• [Task details] Where the records contain images, omit them, and repeat everything else word for word.

• [Dataset extract]
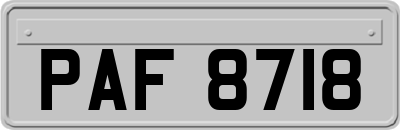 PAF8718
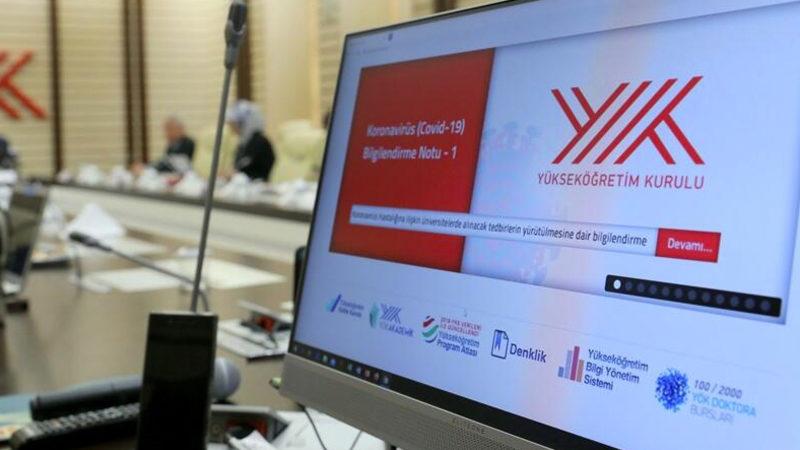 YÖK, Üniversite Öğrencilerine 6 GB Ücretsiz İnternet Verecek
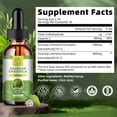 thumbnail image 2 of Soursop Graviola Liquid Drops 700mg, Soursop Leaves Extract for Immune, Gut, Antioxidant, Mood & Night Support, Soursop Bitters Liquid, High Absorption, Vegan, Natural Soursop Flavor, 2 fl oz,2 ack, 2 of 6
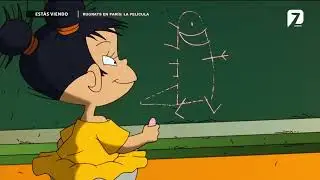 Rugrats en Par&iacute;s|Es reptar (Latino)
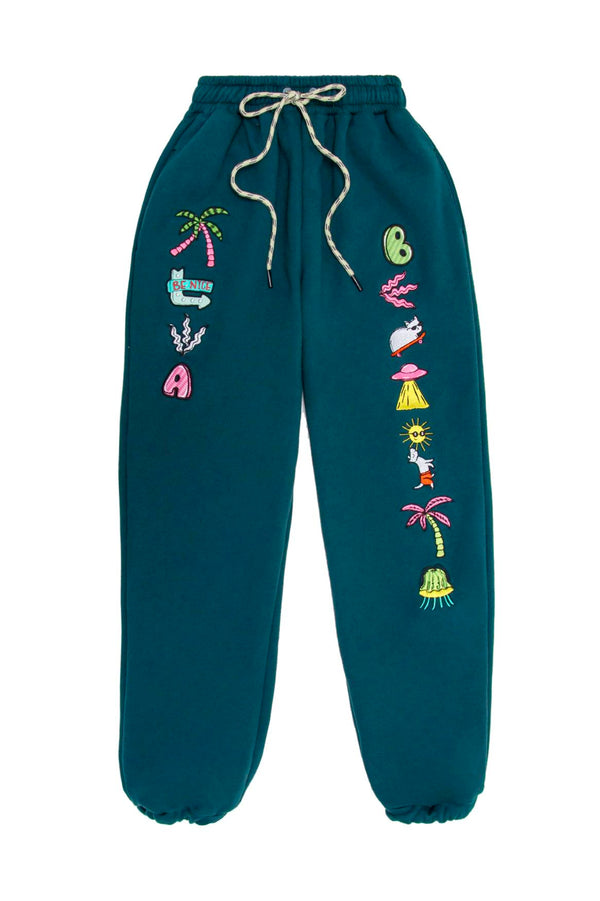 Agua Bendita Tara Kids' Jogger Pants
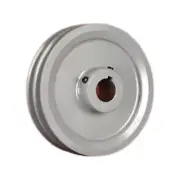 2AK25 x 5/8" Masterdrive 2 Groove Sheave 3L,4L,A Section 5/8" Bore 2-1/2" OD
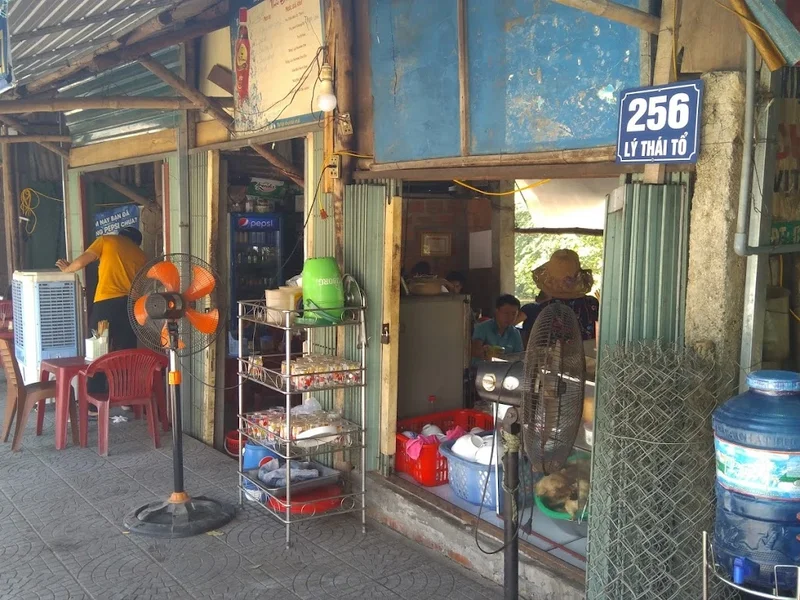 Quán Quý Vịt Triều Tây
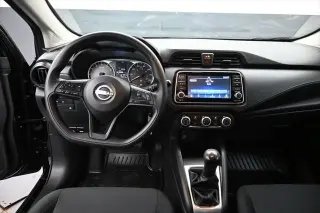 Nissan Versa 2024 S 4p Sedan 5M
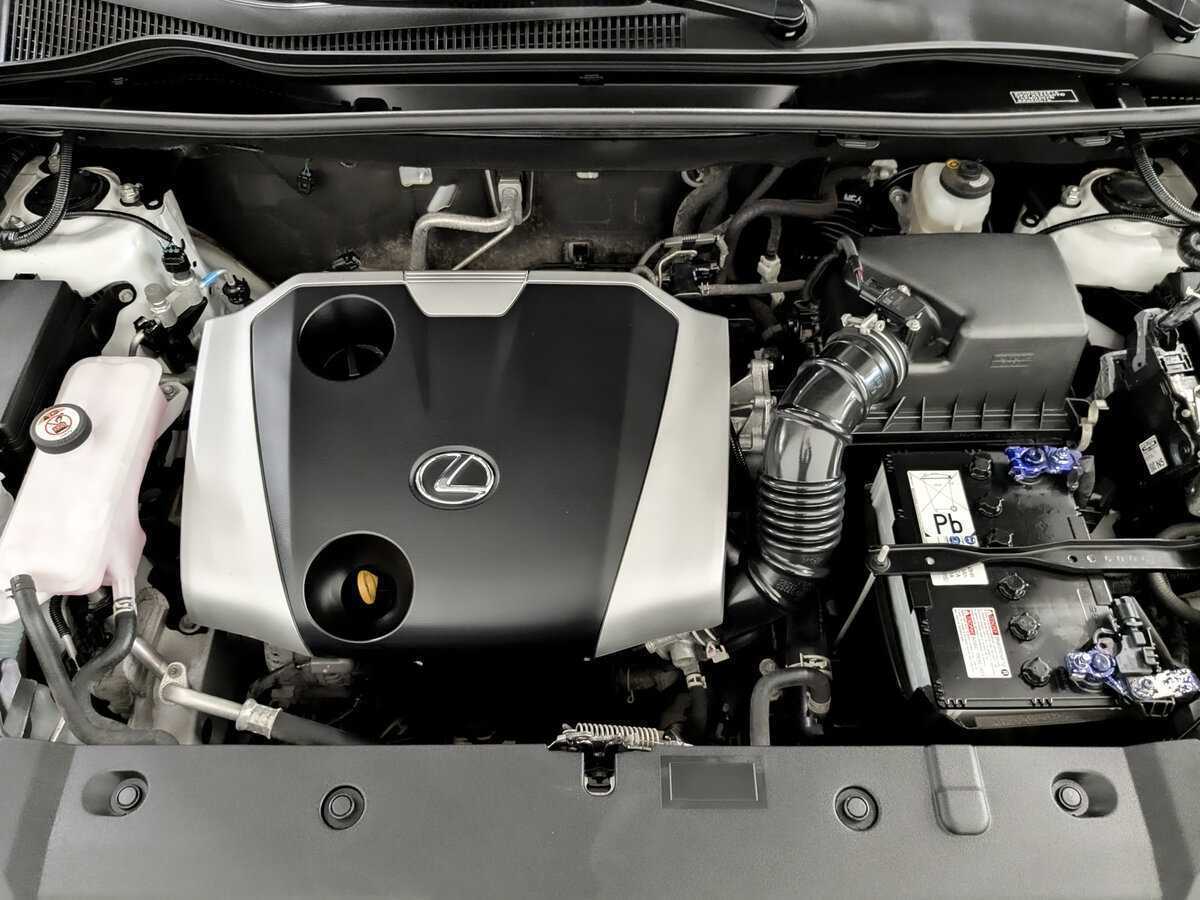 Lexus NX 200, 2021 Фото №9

• [Output of the task]
 PAF8718
 YÖK, Üniversite Öğrencilerine 6 GB Ücretsiz İnternet Verecek
 thumbnail image 2 of Soursop Graviola Liquid Drops 700mg, Soursop Leaves Extract for Immune, Gut, Antioxidant, Mood & Night Support, Soursop Bitters Liquid, High Absorption, Vegan, Natural Soursop Flavor, 2 fl oz,2 ack, 2 of 6
 Rugrats en Par&iacute;s|Es reptar (Latino)
 Agua Bendita Tara Kids' Jogger Pants
 2AK25 x 5/8" Masterdrive 2 Groove Sheave 3L,4L,A Section 5/8" Bore 2-1/2" OD
 Quán Quý Vịt Triều Tây
 Nissan Versa 2024 S 4p Sedan 5M
 Lexus NX 200, 2021 Фото №9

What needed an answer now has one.